Assignment: Your reply should contain the whole listing below, repeated exactly, and no images.

Dataset extract:
[Start of Attachment]
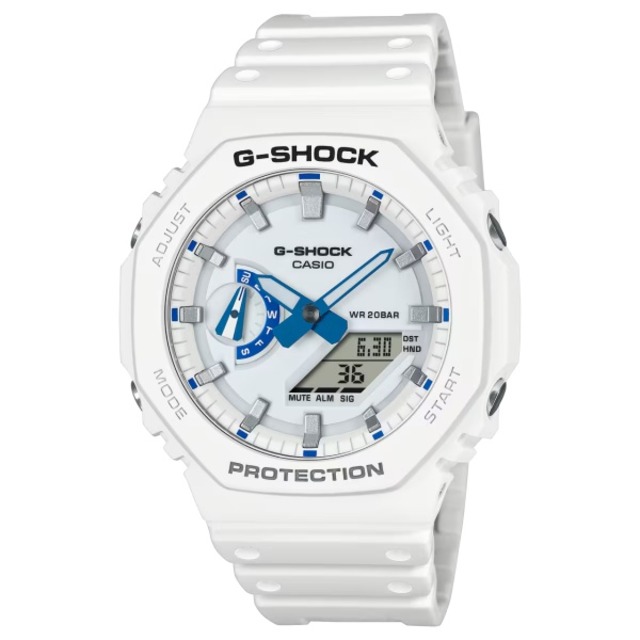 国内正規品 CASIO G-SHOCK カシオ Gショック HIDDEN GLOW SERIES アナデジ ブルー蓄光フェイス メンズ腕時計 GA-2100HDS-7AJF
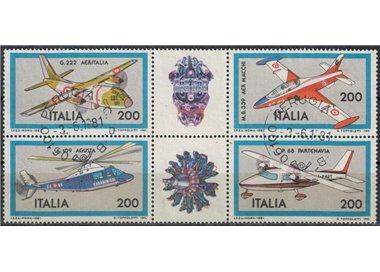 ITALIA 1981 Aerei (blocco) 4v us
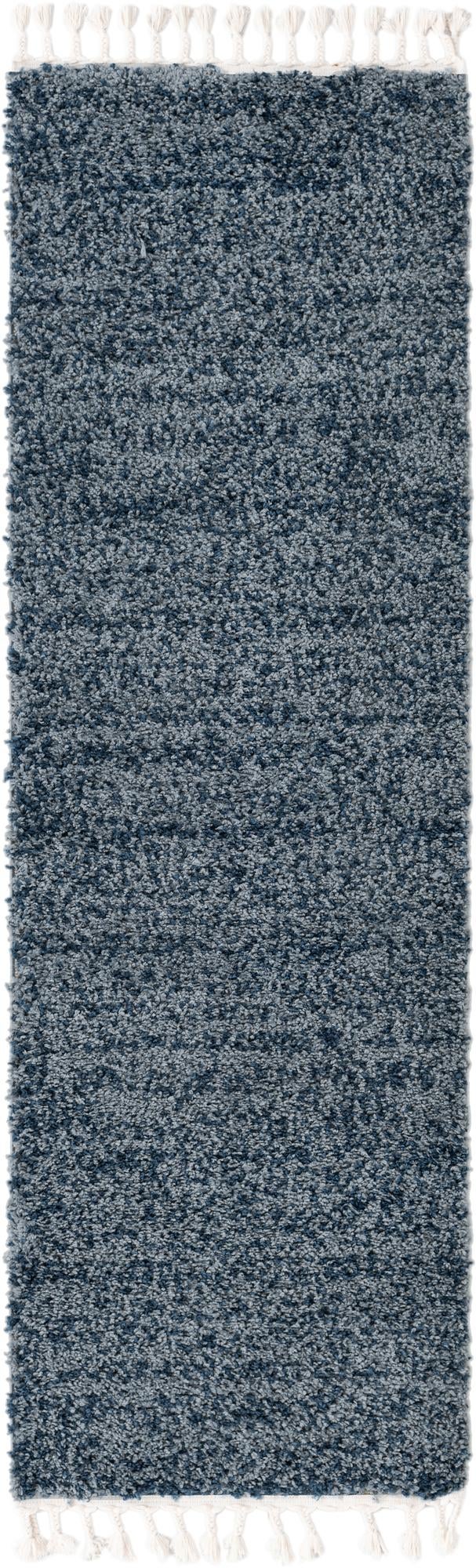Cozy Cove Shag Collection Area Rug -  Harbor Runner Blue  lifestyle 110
[End of Attachment]
Answer to this exercise:
 国内正規品 CASIO G-SHOCK カシオ Gショック HIDDEN GLOW SERIES アナデジ ブルー蓄光フェイス メンズ腕時計 GA-2100HDS-7AJF
 ITALIA 1981 Aerei (blocco) 4v us
Cozy Cove Shag Collection Area Rug -  Harbor Runner Blue  lifestyle 110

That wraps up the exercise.